**Task item:** Scan the records below for the line containing "White Logo Black" and the line containing "GENIE S85 28MTR". Copy both, plus every line between, exactly.

**Recorded information:**
%%

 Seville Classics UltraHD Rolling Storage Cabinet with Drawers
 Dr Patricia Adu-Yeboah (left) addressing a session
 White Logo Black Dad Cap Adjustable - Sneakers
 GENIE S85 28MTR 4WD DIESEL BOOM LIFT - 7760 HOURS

%%
%%

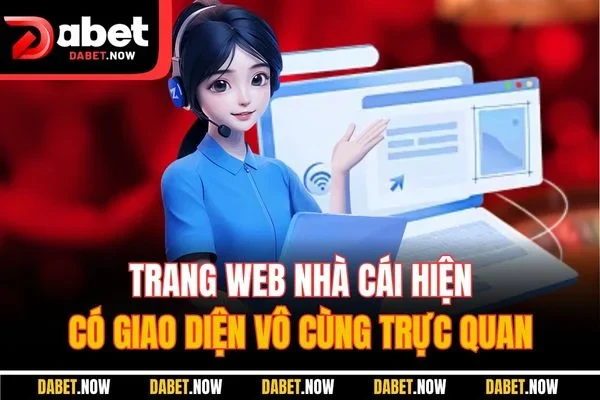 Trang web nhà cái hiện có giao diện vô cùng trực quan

%%
%%

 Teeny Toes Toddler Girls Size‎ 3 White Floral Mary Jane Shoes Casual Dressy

%%

**Exercise response:**
 White Logo Black Dad Cap Adjustable - Sneakers
 GENIE S85 28MTR 4WD DIESEL BOOM LIFT - 7760 HOURS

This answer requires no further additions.